The decision to stop drinking alcohol came from the realisation that I am incapable of controlling my binge drinking and that I get overly depressed and anxious afterwards. And since it is probably not realistic that I stop participating in social events from now on, I will have to endure parties completely sober while everybody else gets drunk. This is one of the aspects of quittinng alcohol that I am most worried about. Just thinking about sitting at a dinner table without drinking wine stresses me out. What should I say to the other people sitting at the table? What about toasting? In water? Should I bring my own non-alcoholic beer? It will probably be awkward if I arrive at a huge party with a plastic bag filled with non-alcoholic beer that I bought and which I insist on drinking instead of the temperet Merlot that was carefully selected for the dinner. I will undoubtedly disappoint both the hosts and the other guests who expect of me to join the party by drinking alcohol.

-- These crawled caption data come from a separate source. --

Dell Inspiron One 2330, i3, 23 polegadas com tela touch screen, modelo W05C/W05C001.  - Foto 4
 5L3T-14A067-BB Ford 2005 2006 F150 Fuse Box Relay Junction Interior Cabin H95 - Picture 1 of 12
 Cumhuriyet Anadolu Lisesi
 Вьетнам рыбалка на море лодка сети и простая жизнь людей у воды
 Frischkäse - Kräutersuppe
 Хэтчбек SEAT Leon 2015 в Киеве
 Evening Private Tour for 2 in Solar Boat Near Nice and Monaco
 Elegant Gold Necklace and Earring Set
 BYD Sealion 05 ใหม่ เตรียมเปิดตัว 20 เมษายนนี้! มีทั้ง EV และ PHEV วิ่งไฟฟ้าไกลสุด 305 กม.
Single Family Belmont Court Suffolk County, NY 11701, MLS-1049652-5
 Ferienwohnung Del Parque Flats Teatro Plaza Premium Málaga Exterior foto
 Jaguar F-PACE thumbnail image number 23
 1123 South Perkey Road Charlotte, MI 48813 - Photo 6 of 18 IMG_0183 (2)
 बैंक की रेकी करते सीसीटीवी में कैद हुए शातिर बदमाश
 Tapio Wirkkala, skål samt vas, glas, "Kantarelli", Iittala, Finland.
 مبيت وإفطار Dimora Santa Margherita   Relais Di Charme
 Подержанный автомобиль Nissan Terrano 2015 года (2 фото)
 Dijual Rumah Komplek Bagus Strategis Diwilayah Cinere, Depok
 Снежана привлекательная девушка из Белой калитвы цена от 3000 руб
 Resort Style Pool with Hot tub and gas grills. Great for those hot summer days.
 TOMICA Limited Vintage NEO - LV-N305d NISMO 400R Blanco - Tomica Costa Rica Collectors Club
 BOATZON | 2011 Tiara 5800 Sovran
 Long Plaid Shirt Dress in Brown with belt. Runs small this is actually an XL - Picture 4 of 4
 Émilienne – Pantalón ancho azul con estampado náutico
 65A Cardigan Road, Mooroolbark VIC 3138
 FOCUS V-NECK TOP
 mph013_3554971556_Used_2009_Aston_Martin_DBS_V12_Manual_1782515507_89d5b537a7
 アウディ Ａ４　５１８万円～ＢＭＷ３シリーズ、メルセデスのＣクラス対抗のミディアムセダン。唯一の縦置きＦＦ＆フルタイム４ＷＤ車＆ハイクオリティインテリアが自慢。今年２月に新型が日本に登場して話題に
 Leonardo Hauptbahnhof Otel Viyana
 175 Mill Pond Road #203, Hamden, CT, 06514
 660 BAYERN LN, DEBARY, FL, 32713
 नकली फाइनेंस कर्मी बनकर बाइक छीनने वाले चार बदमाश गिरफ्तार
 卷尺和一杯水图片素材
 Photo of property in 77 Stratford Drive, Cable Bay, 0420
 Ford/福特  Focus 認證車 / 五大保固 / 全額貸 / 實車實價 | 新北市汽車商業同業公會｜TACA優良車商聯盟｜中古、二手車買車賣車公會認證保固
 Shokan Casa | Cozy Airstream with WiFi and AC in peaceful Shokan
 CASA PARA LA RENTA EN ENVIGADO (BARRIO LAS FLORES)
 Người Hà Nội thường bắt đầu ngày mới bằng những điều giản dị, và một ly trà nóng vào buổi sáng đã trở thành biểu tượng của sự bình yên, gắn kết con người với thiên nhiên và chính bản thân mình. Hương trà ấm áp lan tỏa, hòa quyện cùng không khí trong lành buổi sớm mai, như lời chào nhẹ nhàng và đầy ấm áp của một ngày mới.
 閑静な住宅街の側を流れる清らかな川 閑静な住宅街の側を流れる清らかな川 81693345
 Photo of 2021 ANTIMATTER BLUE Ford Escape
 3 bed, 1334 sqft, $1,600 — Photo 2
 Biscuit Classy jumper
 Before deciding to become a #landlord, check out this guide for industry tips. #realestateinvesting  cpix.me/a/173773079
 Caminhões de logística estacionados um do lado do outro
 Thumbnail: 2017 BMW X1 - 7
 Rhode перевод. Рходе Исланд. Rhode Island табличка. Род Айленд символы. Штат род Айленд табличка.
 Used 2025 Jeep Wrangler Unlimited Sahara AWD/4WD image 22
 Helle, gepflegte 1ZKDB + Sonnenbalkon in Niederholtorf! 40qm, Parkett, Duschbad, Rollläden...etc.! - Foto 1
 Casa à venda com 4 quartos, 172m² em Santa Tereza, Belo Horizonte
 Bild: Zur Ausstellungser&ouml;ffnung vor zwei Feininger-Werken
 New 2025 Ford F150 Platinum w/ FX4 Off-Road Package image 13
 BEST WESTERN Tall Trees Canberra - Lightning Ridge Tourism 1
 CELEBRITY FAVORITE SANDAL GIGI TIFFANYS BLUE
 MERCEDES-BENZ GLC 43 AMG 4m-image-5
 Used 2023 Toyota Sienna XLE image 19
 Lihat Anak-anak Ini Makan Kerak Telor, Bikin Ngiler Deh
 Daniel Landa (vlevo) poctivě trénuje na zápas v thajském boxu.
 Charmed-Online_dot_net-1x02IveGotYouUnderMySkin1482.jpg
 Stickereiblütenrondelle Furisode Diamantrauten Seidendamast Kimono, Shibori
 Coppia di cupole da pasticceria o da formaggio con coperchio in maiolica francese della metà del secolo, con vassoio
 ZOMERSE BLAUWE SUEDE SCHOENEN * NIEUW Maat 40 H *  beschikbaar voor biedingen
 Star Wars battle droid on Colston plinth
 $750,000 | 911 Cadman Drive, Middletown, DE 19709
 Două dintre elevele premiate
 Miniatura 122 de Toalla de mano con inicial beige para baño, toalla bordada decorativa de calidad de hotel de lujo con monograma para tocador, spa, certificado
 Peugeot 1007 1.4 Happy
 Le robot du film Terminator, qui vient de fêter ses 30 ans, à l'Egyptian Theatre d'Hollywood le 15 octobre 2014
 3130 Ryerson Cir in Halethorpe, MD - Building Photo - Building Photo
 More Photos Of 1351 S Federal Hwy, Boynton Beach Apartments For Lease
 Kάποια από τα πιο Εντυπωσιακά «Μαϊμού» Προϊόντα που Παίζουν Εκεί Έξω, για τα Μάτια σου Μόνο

Yesterday, I had a chance to put all those worries to the test. I was at a huge party with lots of people whom I don’t know. A proper dinner party with a chef introducing the food and waitresses serving wine at the table. I have been thinking about the party quite a bit since I decided to stop drinking alcohol. And getting myself worked up about the awkward situations that would undoubtedly occur because of my weird sober outsider-position. I’ve staged through lots of scenarios in my head and they all had me standing as a slightly socially awkward outsider looking at the party going on around me.
But it went ok! I was really nervous before getting to the party. In the car on my way there I had to listen to a 19 minutes breathing exercise to focus my thoughts. When I got to the party, people were standing outside having drinks. I was offered one but said no – and didn’t get anything else. It was a bit stressful standing there and I couldn’t help think ahead of the dinner and partying to come later. It was a really packed room with people sitting very close and having to speak loud to be heard. Which was actually fine because it made it a bit less awkward. But it didn’t take long for me to relax and focus more on talking with people sitting next to me. I never really managed to let go of the thought that I was off in a way buy not drinking but it really didn’t constitute a problem. At least not to me. As the hours went by, it became a bit more like any other party. With the only exception that I was clear in my head – and could therefore also measure the increasing drunkenness of many of the other people. Although I was never completely comfortable in the situation, there were several periods where I almost forgot that I didn’t drink – and that I was the odd one out.